EXERCISE DESCRIPTION:
Repeat the listing below exactly from the line with "台中市一家裝潢公司張姓負責人" through its last line. Skip every picture.

[COLLECTED MATERIAL — start]

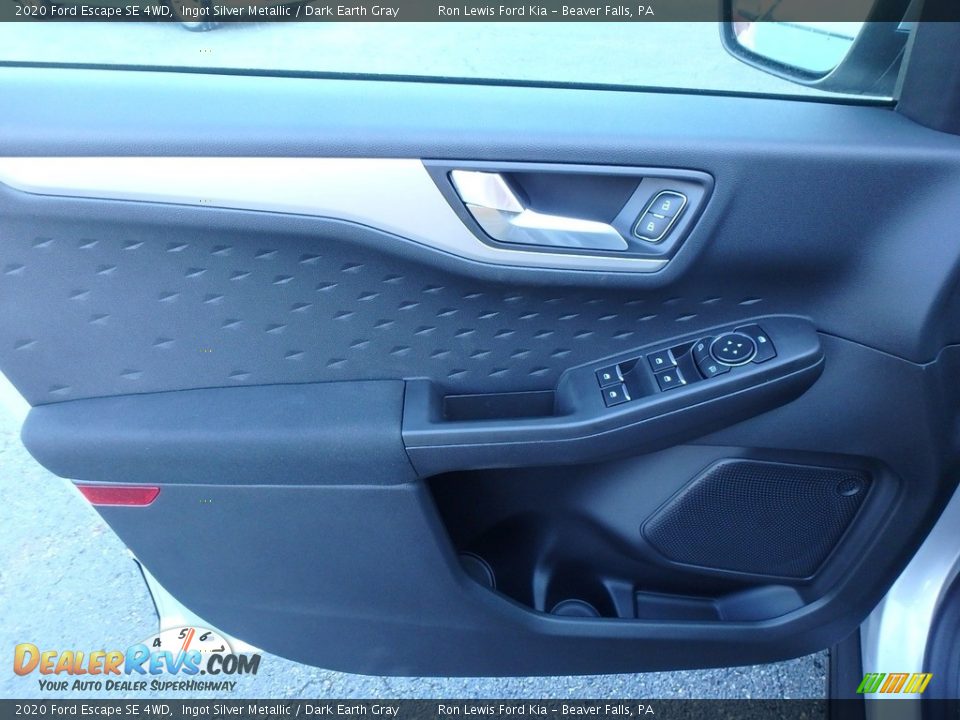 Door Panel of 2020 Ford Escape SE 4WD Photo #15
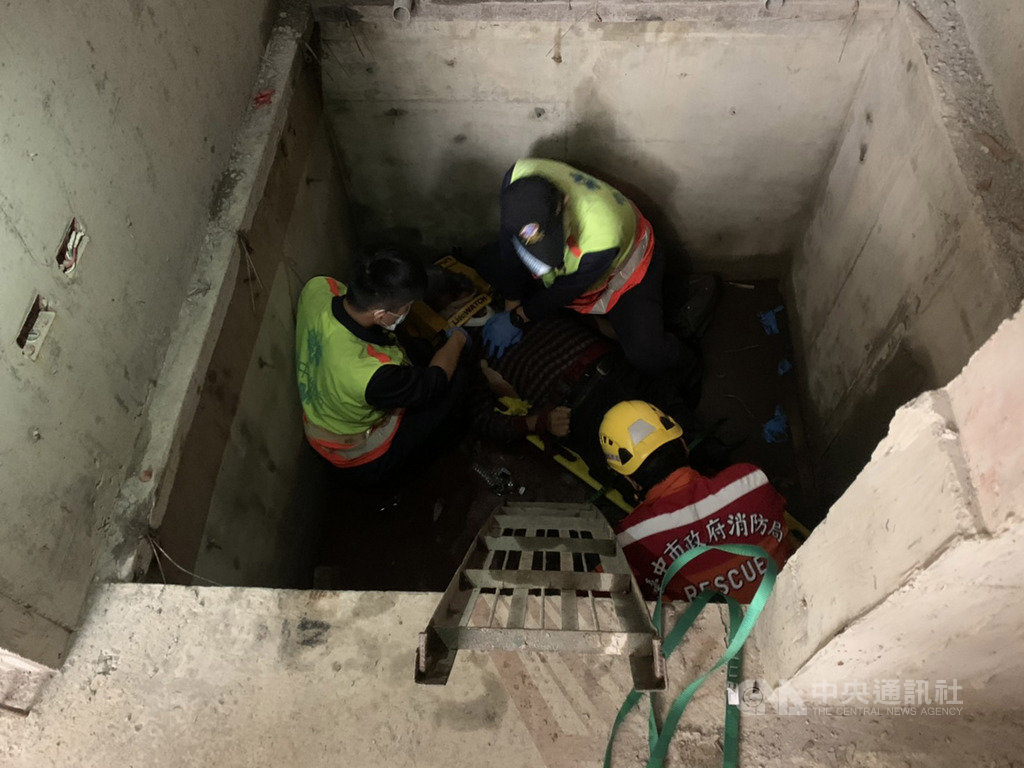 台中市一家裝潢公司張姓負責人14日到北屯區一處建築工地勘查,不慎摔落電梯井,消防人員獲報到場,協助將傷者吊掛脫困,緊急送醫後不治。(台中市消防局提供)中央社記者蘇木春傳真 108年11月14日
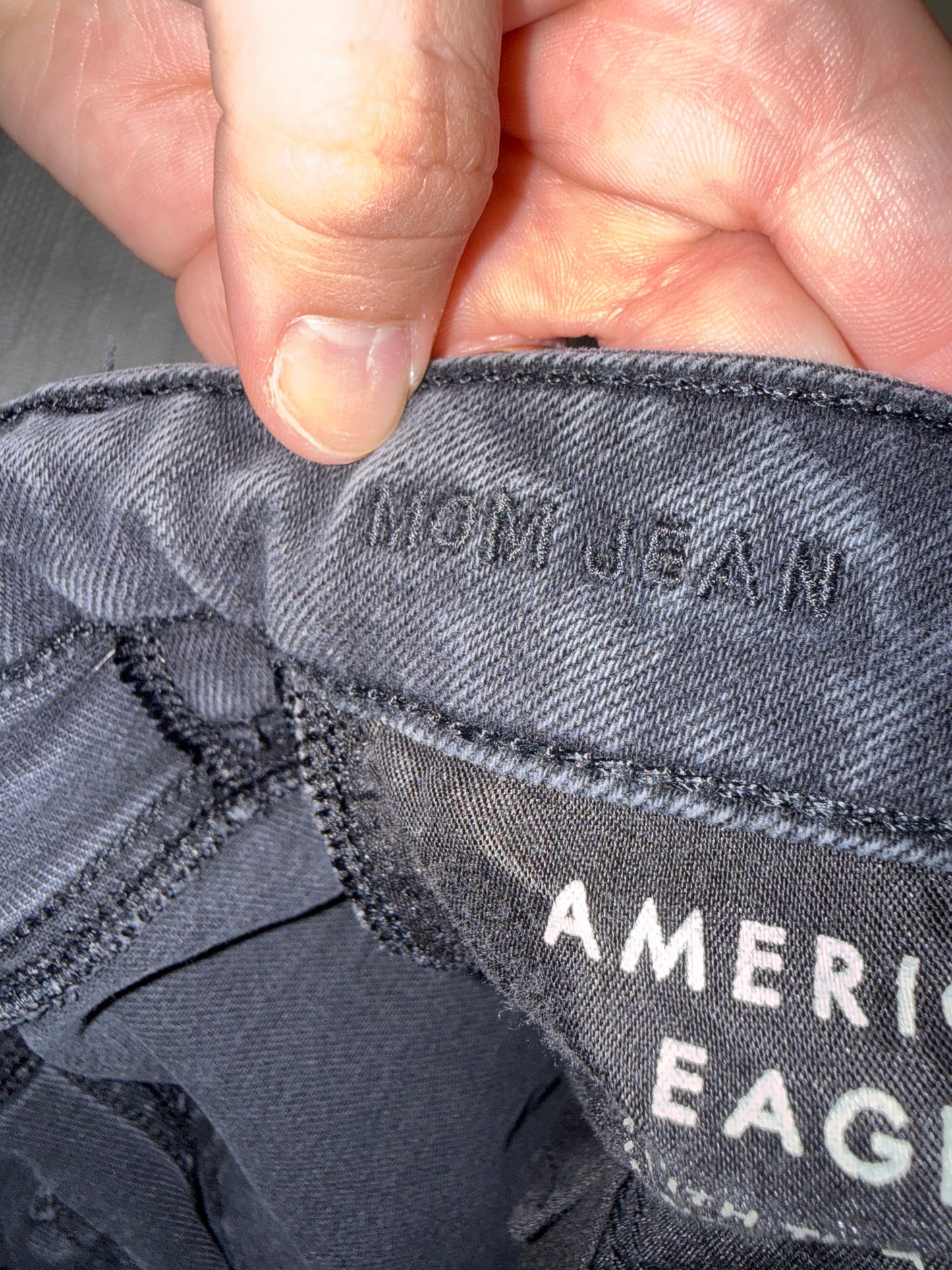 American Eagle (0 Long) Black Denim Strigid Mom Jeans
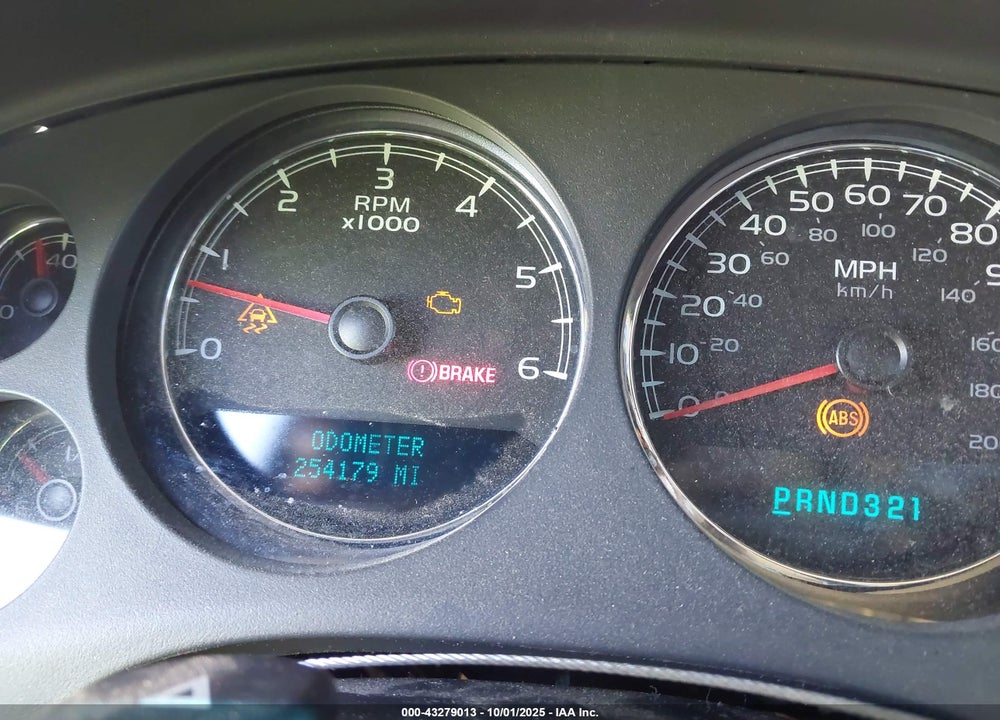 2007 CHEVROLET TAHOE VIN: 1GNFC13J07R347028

[COLLECTED MATERIAL — finish]

COMPLETED TASK:
 台中市一家裝潢公司張姓負責人14日到北屯區一處建築工地勘查,不慎摔落電梯井,消防人員獲報到場,協助將傷者吊掛脫困,緊急送醫後不治。(台中市消防局提供)中央社記者蘇木春傳真 108年11月14日
 American Eagle (0 Long) Black Denim Strigid Mom Jeans
 2007 CHEVROLET TAHOE VIN: 1GNFC13J07R347028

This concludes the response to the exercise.